Information provided:
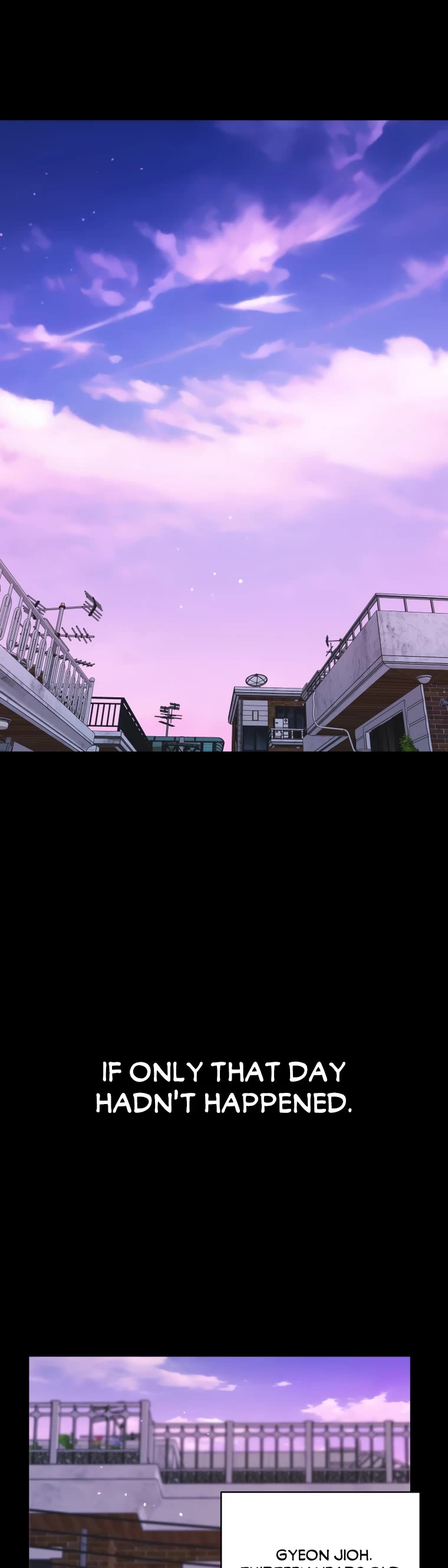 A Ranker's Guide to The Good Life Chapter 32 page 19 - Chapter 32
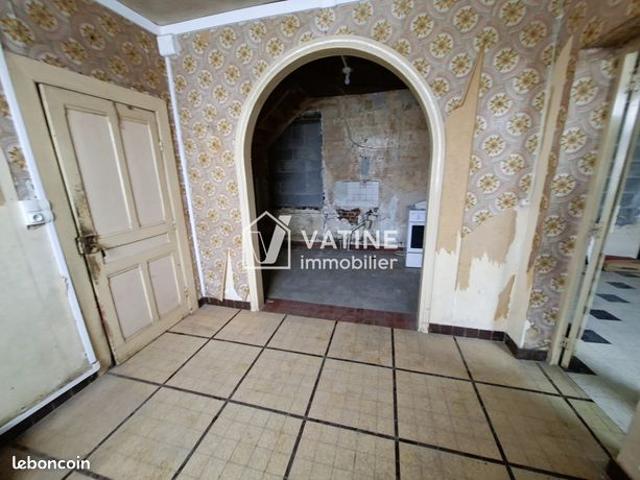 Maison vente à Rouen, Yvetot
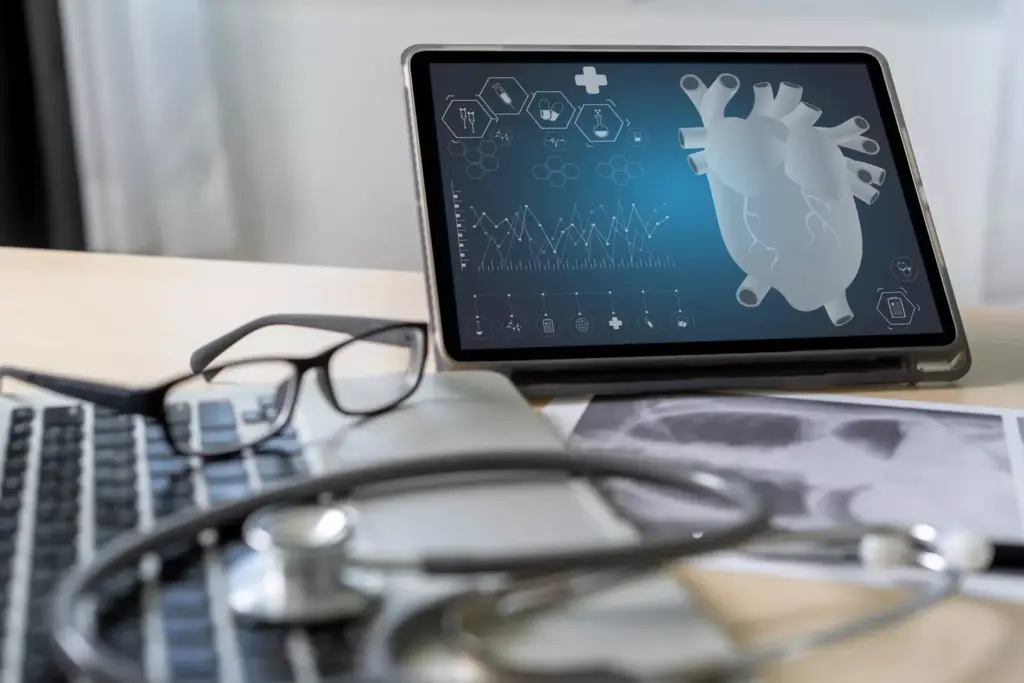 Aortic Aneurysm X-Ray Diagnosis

==

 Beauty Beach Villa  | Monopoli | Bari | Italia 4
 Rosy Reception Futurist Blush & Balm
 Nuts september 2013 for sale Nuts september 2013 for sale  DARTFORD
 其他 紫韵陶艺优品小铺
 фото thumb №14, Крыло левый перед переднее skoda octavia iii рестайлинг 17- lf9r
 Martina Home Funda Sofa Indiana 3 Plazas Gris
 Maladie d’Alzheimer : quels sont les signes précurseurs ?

* * *

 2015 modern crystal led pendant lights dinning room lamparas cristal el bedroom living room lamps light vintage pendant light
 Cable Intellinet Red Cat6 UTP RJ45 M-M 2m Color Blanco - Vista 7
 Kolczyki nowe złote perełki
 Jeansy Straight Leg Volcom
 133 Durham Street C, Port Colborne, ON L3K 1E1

Requirement: Within the listing above, the stretch from the line with "A Ranker's Guide" down to the line with "Aortic Aneurysm X-Ray Diagnosis" is to be given again exactly, end lines included and pictures excluded.

Solution to the exercise:
 A Ranker's Guide to The Good Life Chapter 32 page 19 - Chapter 32
 Maison vente à Rouen, Yvetot
 Aortic Aneurysm X-Ray Diagnosis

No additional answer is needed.